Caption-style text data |
.....

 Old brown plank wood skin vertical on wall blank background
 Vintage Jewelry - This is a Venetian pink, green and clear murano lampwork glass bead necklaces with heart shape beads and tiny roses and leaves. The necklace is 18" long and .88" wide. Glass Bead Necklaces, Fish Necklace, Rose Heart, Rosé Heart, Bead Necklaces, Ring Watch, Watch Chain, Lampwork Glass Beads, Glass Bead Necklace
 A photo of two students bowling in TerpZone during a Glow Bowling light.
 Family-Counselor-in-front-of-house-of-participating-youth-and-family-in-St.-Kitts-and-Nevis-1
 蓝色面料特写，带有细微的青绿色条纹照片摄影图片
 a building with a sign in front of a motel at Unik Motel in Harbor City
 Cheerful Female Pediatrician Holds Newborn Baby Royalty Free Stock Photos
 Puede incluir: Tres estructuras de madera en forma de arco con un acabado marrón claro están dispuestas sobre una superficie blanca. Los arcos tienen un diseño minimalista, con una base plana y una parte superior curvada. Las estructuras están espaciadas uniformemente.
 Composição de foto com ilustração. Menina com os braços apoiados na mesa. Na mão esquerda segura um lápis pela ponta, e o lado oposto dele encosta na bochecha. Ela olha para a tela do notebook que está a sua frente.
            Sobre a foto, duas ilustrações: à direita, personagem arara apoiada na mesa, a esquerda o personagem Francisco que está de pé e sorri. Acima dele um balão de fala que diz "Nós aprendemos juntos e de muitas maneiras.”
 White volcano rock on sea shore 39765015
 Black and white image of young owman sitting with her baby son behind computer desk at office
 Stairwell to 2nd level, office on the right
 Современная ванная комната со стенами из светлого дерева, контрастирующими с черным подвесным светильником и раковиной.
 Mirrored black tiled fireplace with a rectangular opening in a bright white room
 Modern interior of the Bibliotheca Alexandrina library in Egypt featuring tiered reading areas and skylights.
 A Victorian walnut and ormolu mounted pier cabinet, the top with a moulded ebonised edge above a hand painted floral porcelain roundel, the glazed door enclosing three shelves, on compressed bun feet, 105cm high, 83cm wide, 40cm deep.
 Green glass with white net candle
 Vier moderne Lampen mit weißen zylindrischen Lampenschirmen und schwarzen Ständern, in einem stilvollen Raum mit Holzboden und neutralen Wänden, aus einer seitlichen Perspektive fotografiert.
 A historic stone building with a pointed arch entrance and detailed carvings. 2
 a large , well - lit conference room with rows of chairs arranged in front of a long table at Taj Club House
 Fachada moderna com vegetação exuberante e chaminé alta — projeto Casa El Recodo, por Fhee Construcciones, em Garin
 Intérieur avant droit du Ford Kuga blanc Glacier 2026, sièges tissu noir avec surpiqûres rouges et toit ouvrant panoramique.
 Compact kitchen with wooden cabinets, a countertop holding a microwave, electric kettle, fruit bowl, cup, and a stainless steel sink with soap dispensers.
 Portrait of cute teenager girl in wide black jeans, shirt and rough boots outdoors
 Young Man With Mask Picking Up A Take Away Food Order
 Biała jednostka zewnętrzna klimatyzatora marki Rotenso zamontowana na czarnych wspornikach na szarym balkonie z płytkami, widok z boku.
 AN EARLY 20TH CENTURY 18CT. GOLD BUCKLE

.....

Exercise aim | Nothing but the lines from the one with "Green glass with white net candle" through the last line of the records above should be retyped, and those word for word.

Response |
 Green glass with white net candle
 Vier moderne Lampen mit weißen zylindrischen Lampenschirmen und schwarzen Ständern, in einem stilvollen Raum mit Holzboden und neutralen Wänden, aus einer seitlichen Perspektive fotografiert.
 A historic stone building with a pointed arch entrance and detailed carvings. 2
 a large , well - lit conference room with rows of chairs arranged in front of a long table at Taj Club House
 Fachada moderna com vegetação exuberante e chaminé alta — projeto Casa El Recodo, por Fhee Construcciones, em Garin
 Intérieur avant droit du Ford Kuga blanc Glacier 2026, sièges tissu noir avec surpiqûres rouges et toit ouvrant panoramique.
 Compact kitchen with wooden cabinets, a countertop holding a microwave, electric kettle, fruit bowl, cup, and a stainless steel sink with soap dispensers.
 Portrait of cute teenager girl in wide black jeans, shirt and rough boots outdoors
 Young Man With Mask Picking Up A Take Away Food Order
 Biała jednostka zewnętrzna klimatyzatora marki Rotenso zamontowana na czarnych wspornikach na szarym balkonie z płytkami, widok z boku.
 AN EARLY 20TH CENTURY 18CT. GOLD BUCKLE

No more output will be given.